Le Monténégro a été une étape un petit peu particulière de notre voyage : en été, Podgorica est vidée de ses habitants au profit des villes côtières, notamment Kotor et Budva, beaucoup plus touristiques. Malgré nos efforts, nous n’avons donc pu avoir que très peu de rendez-vous et d’entretiens pendant cette semaine. Mais nous avons quand même réussi, à travers nos discussions informelles avec des Monténégrins, à saisir certains enjeux qui animent le pays.
Les minorités ethniques au Monténégro
Il y a une particularité très forte du Monténégro, que nous avons saisie immédiatement par contraste avec la Bosnie-Herzégovine : il n’a pas connu la guerre récemment. C’est l’un des seuls pays de l’ex-Yougoslavie qui a connu une transition pacifique vers l’indépendance, et ça se sent dans les rapports entre les gens. Toutes les discussions ne sont pas appesanties par les mêmes problématiques mémorielles, et le paysage ne porte pas les stigmates d’affrontements.

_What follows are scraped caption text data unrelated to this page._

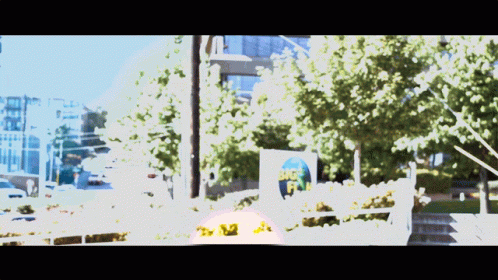 A Blurry Picture Of A Street With A Sign That Says Big Fish On It GIF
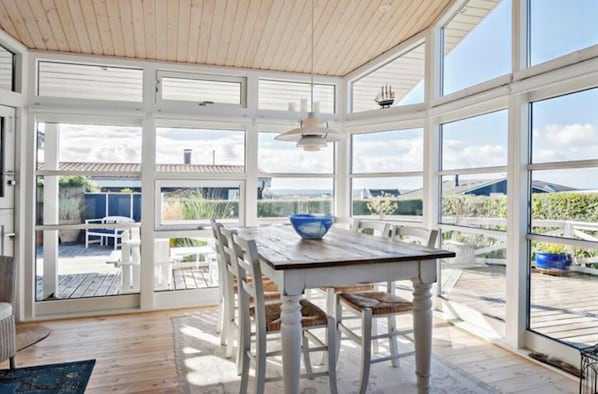 Une véranda avec une table et des chaises en bois, de grandes fenêtres et une vue sur l’extérieur.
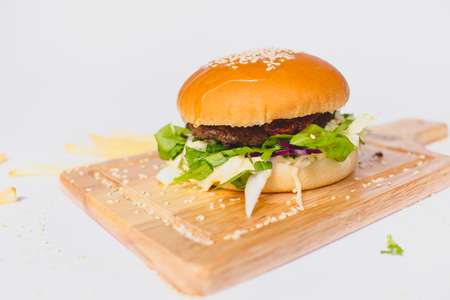 fresh tasty burger and french fries isolated on whiteの写真素材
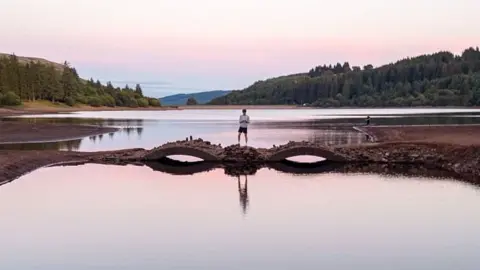 Getty Images Stone bridge at the Llwyn-Onn Reservoir in Merthyr Tydfil in 2026. The bridge is visible above the water. A boy is standing on it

Pour autant, le Monténégro n’est pas exempt des questions culturelles et inter-ethniques qui animent toute la région des Balkans : on y trouve des Monténégrins, des Serbes, des Bosniaques, des Croates et des Albanais. Leur ethnie est leur principal critère d’appartenance, et les différentes communautés restent assez hermétiques les unes aux autres, même si elles ne sont pas en conflit. Les minorités du pays sont reconnues dans la constitution, ont le droit de pratiquer leur langue et de l’apprendre à l’école, et d’utiliser leurs symboles nationaux. Il existe même un Conseil de protection des droits des membres des groupes nationaux et ethniques, qui travaille à l’échelle nationale.
La langue officielle du pays est le monténégrin : c’est la même que le serbo-croate, mais tout le monde l’appelle « notre langue » pour éviter les tensions inter-ethniques qui peuvent provenir du fait de l’appeler « monténégrin », « serbe », « croate » ou « bosniaque ». On a trouvé ça intéressant parce que c’est une démarche inverse de celle qu’on a observé en Bosnie, où la langue est un véritable instrument de revendication ethno-nationale.

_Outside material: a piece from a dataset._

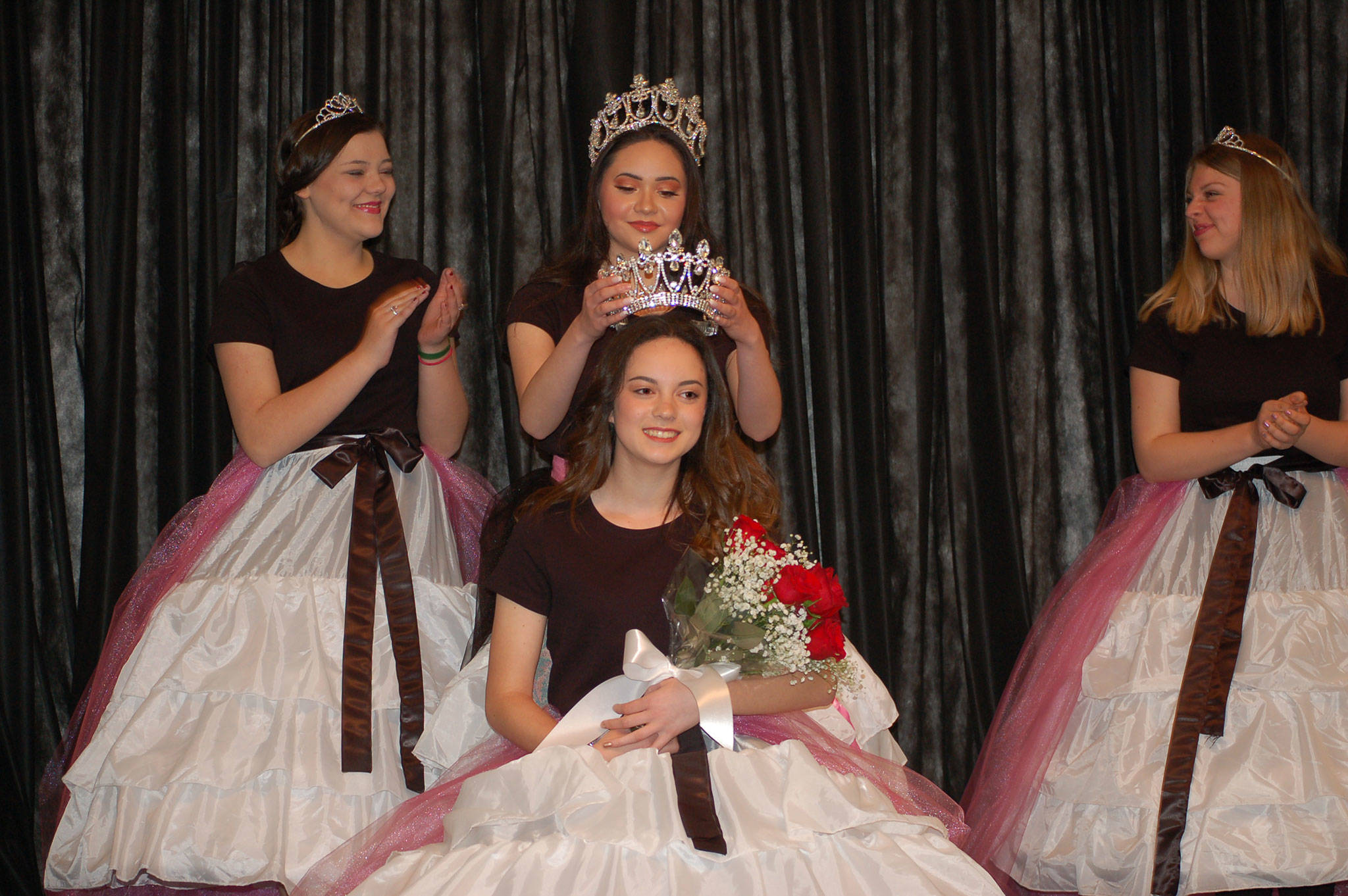 Princess Liliana Williams (foreground) was crowned at the Crazy Daze breakfast by Queen Erin Gordon, center, and joins Princesses Gabi Simonson, left, and Gracelyn Hurdlow on the 2018 Irrigation Festival Royalty Court. Erin Hawkins/Olympic Peninsula News Group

Quelles relations interreligieuses?
La principale source de tension au Monténégro est intra-communautaire et intra-religieuse, entre orthodoxes : certains revendiquent le développement d’une église autocéphale monténégrine et d’autres, attachés au pope de Serbie, ne la reconnaissent pas. Nous avons eu l’occasion de discuter cette question avec un gérant de restaurant orthodoxe serbe et avec Petar, un jeune qui appartient à l’Église monténégrine, et effectivement leurs discours étaient très différents. Pour le premier, la nouvelle Église n’a aucune substance, pour le second, l’Église de Serbie impose son influence sur le Monténégro. On comprend qu’encore une fois, ce sont surtout des luttes de pouvoir et d’influence qui sont en jeu.

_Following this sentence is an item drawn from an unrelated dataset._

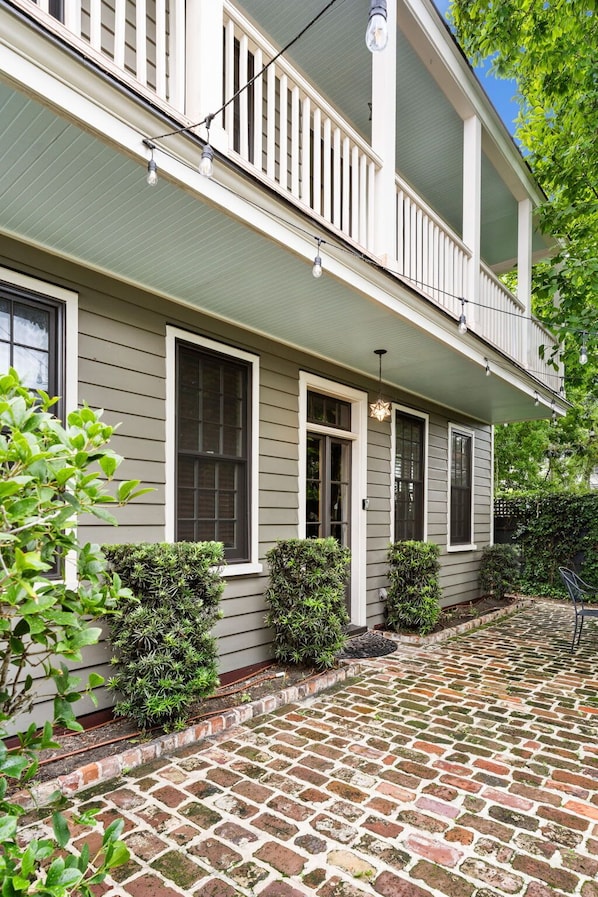 A two-story house with a covered porch, a brick pathway leading to the front door, and a small garden area with trimmed bushes. - Boho Bungalow | Private Oasis w. Plunge Pool (Charleston)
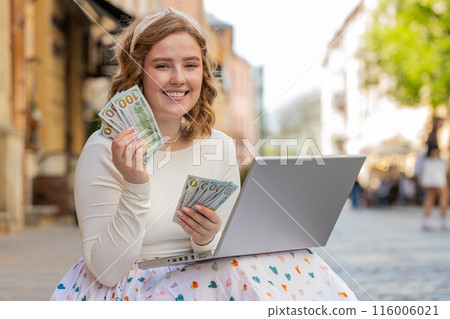 Happy rich winner girl using laptop victory counting cash money dollar banknotes sitting on street Happy rich winner girl using laptop victory counting cash money dollar banknotes sitting on street 116006021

Au Monténégro, il y a aussi des musulmans sunnites et des catholiques romains. Dès qu’on dépasse les questions politiques, les relations interreligieuses sont très apaisées, notamment au sein de la communauté albanaise. Il est très courant pour les Monténégrins de s’inviter mutuellement à célébrer les fêtes religieuses : nous avons pu le comprendre parce que nous sommes arrivés au lendemain de l’Eid, que beaucoup de chrétiens avaient passé avec leurs voisins ou amis musulmans. Les jours fériés sont adaptés au calendrier religieux de chacun et l’enseignement culturel et religieux à l’école est très complet.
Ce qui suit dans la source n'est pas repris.